Talks on a free trade agreement between the European Union and New Zealand would be premature at this point, says EU Trade Commissioner Karel de Gucht.
De Gucht has been in New Zealand to attend the Christchurch earthquake memorial and for talks with his counterpart, Trade Minister Tim Groser.
The EU is New Zealand's second largest trading partner, slightly ahead of China as an export market and a source of imports, with two-way trade of more than $12 billion.
"We would like to discuss a framework agreement, with much more structuring of contacts, but a free-trade agreement including market access and tariffs would be premature, for two reasons," de Gucht said.
"First, let's see what the Doha round gives, because this would be a discussion, I believe, among other things, about agriculture. And secondly, we have engaged with several big trading partners [in South America and Canada] and we cannot do it all at the same time."
The Doha talks remain bogged down nearly 10 years after they were launched.
To revive them, de Gucht said, two "asymmetries" needed to be corrected. One was an over-emphasis on agriculture and the other a preoccupation with the needs of emerging and developing countries. "If you want to get something agreeable to everybody, you will have to rebalance this."
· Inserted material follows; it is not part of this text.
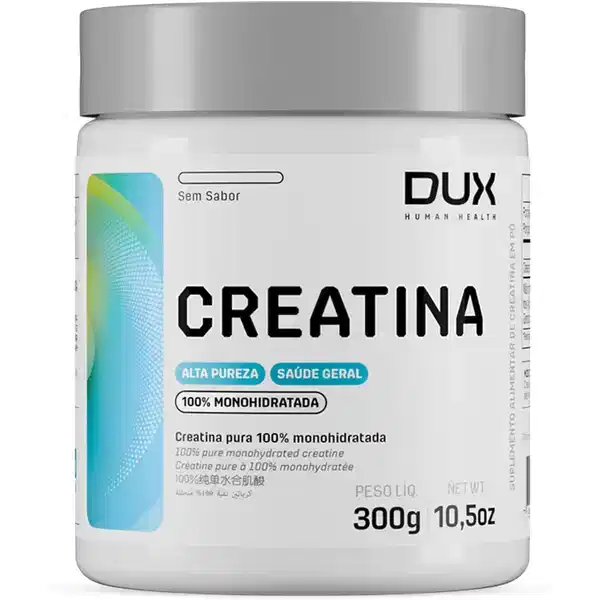 Foto do produto em oferta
The world had changed dramatically since 2001, he said, citing the "two faces" of China.
"On the one hand it is still undoubtedly a developing country with as many poor people as Africa. On the other it has become one of our fiercest competitors all over the place. The emerging countries should realise that to a certain extent they have emerged."
It would really hurt the Word Trade Organisation if, after 10 years, you had to conclude that no solution was possible, de Gucht said. "We will do everything possible to get there."
Groser said the Doha talks were "just going around in circles".
"But no one will take the risk politically of killing it off. And sooner or later some political set of events will come together to move it forward. That is more likely than complete and irrevocable collapse," he said.
Groser, a senior trade official before he went into politics, said the trade relationship with Europe was now much less fraught than it had been after Britain joined the Common Market in 1973.
"We have a productive and fairly comfortable relationship with the EU, now that they have engaged in a series of reforms of the Common Agricultural Policy. While we still want to see further progress, they have taken an enormous amount of heat out of the equation," he said.
"There are no burning issues we need to resolve. On most issues we and the EU share similar perspectives."
De Gucht said he had been surprised to encounter in Australia a general feeling that the euro itself was at risk because of sovereign debt issues in some of the euro area's weaker members. Such a view was out of touch with reality, he said.
He pointed to an agreement to increase the lending capacity of European rescue funds to €500 billion ($970 billion) and to lower the interest rate and extend the term of loans to Greece.
He said there had been "game-hanging" reforms to improve the co-ordination of fiscal policy and economic policy more broadly in EU states.